╔══

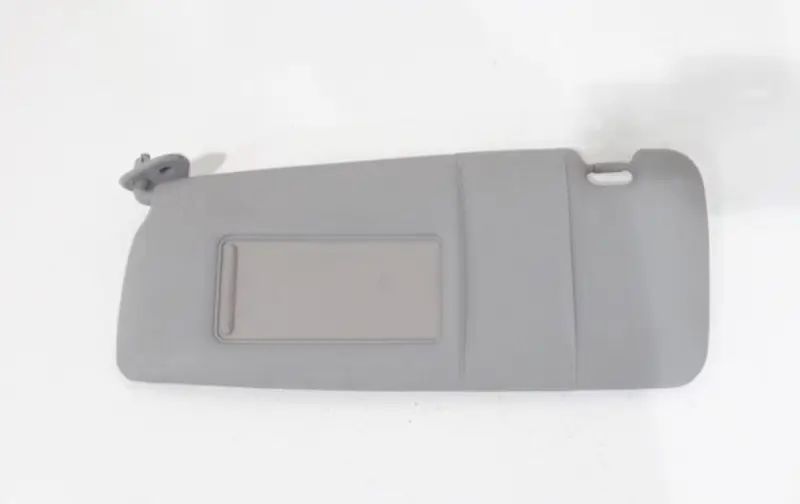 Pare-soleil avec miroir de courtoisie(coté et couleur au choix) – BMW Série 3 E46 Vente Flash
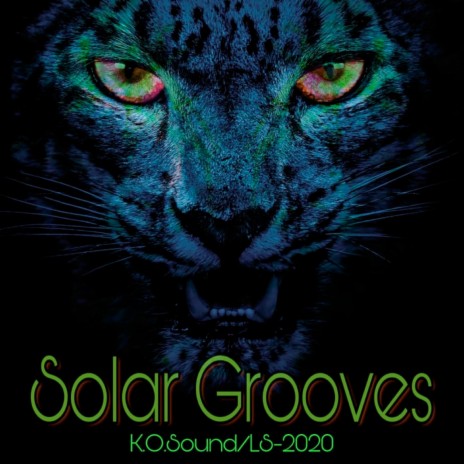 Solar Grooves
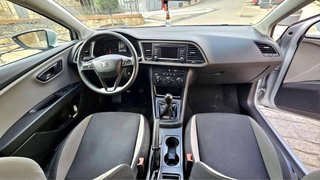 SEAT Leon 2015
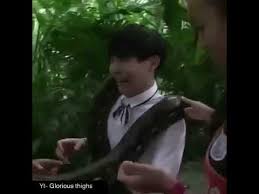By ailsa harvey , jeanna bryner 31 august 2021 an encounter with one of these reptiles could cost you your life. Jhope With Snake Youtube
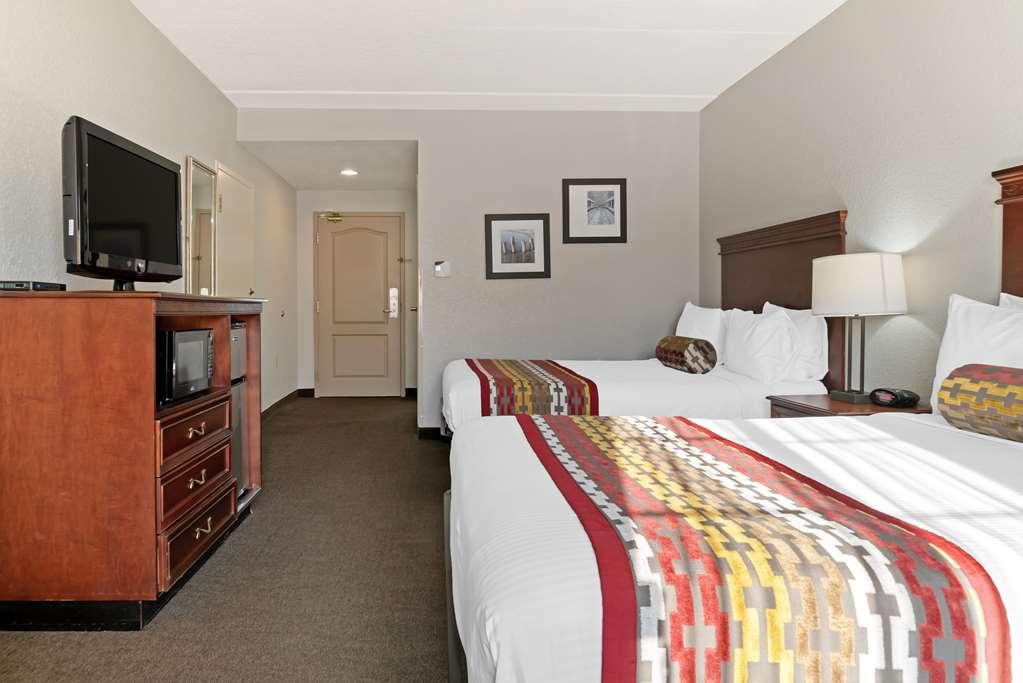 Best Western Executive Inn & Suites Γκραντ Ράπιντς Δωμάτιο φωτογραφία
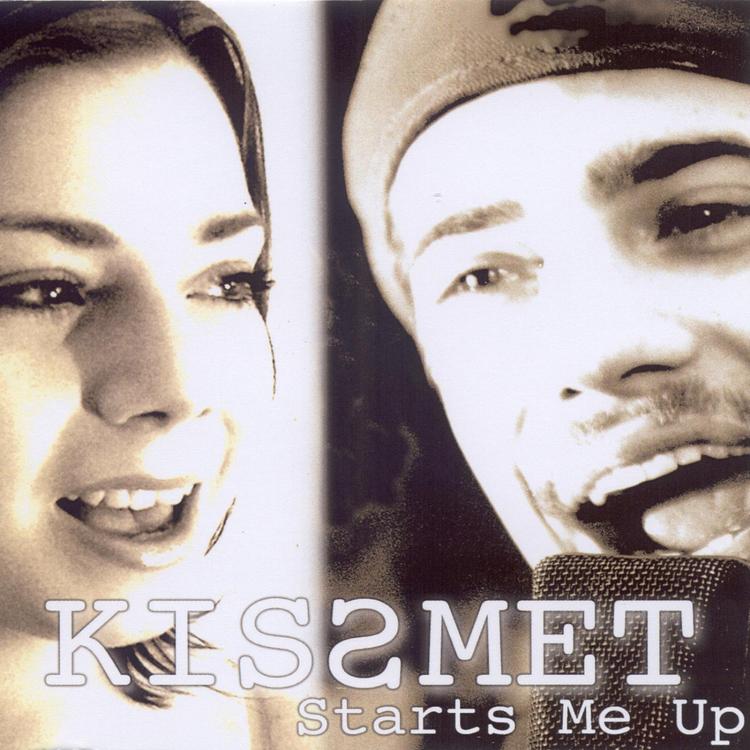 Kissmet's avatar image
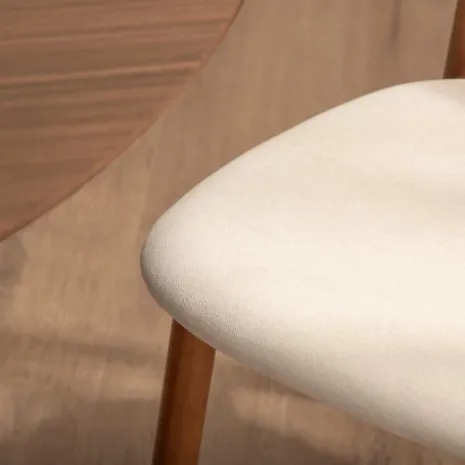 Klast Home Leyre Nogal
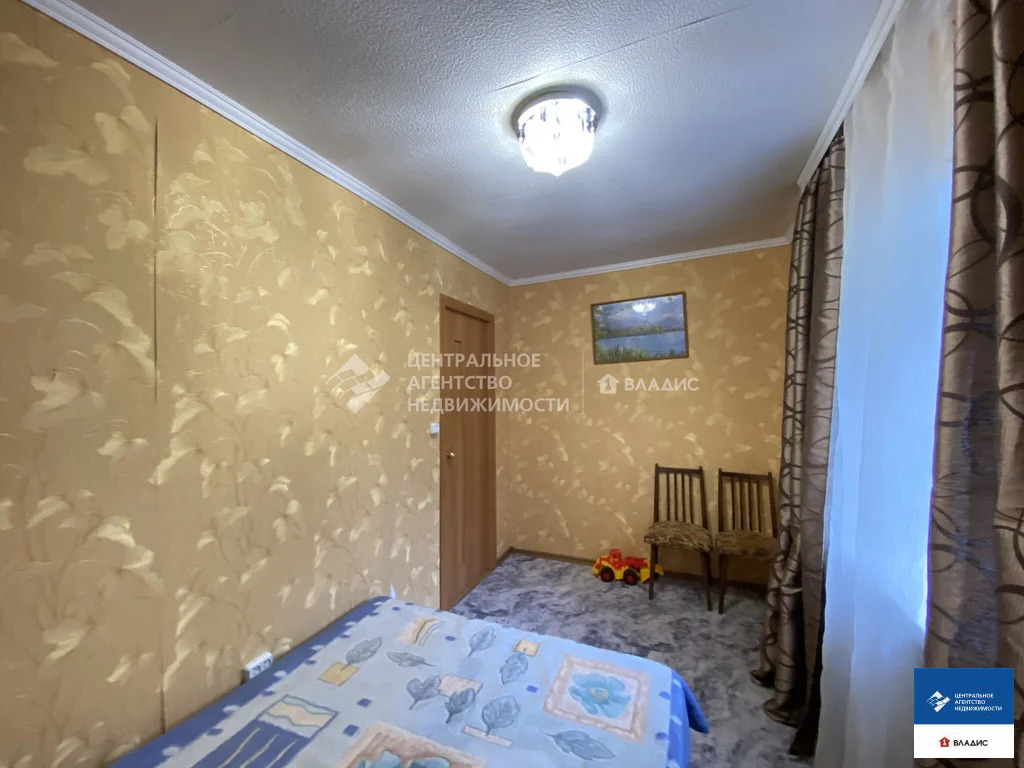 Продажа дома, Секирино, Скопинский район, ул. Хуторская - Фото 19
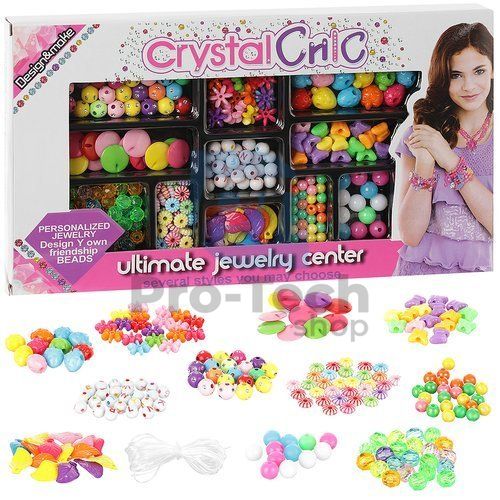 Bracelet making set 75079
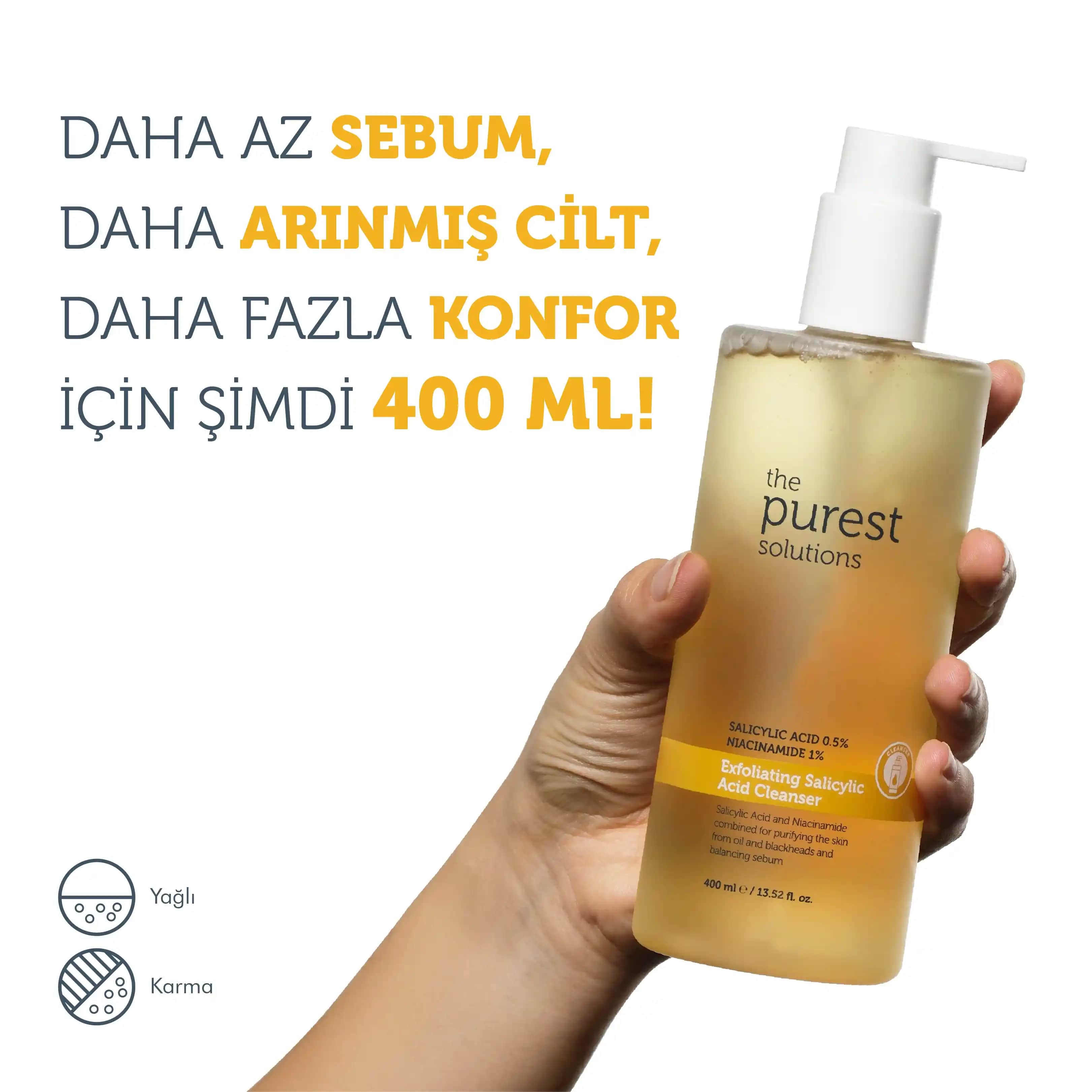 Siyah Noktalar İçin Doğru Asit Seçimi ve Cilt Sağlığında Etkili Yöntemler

╚══

The answer is the full listing above, reproduced character for character, minus its images.

 Pare-soleil avec miroir de courtoisie(coté et couleur au choix) – BMW Série 3 E46 Vente Flash
 Solar Grooves
 SEAT Leon 2015
By ailsa harvey , jeanna bryner 31 august 2021 an encounter with one of these reptiles could cost you your life. Jhope With Snake Youtube
 Best Western Executive Inn & Suites Γκραντ Ράπιντς Δωμάτιο φωτογραφία
 Kissmet's avatar image
 Klast Home Leyre Nogal
 Продажа дома, Секирино, Скопинский район, ул. Хуторская - Фото 19
 Bracelet making set 75079
 Siyah Noktalar İçin Doğru Asit Seçimi ve Cilt Sağlığında Etkili Yöntemler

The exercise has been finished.